Day 2 of the Nine Days Queen

Lady Jane Grey Dudley ruled England from July 10 – July 19, 1553. One of the best biographies of her life and reign that I have ever read, Lady Jane Grey: A Tudor Mystery, was by the incomparable Eric Ives and I strongly, strongly recommend it.

Queen Jane was named as the heir to the throne by her cousin, Edward VI, in his will. Edward had been crowned king as a child, and was the lawful ruler of England. His will was the only will that mattered. The wills of past kings, including Henry VIII, were defunct after Edward became the monarch.

Therefore, Queen Jane was the lawful and right queen of England.

Nevertheless, the pro-Catholic faction sprang into action to put Mary Tudor on the throne based on the will of Edward’s father, Henry VIII. Jane was a hard-core protestant, and I don’t blame the Catholics from being worried that they would be subject to persecution for their faith. However, I do blame them for the fact that they wanted power in order to persecute protestants for THEIR faith.
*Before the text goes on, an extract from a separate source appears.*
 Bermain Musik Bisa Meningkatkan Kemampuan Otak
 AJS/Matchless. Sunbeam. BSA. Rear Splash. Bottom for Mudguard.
With an army to back her, Mary Tudor usurped the throne of the rightful queen. Both Jane and her husband Guildford Dudley were imprisoned for the crime of being named heir in a legitimate, legally binding will. If Queen Mary I had stuck to that, it would have been wrong but not awful. Power plays happen. It was life in the 16th century. I can even see why she executed John Dudley, Duke of Northumberland, since she blamed him for her brother’s decision to declare her illegitimate. 

Mary kept Jane and Guilford apart in the Tower. I suspect she was afraid Jane would get pregnant with a rival heir to Mary’s heirs, the children Mary was sure that she would have. Okay, fair enough. However, Mary would need to go further to secure her throne.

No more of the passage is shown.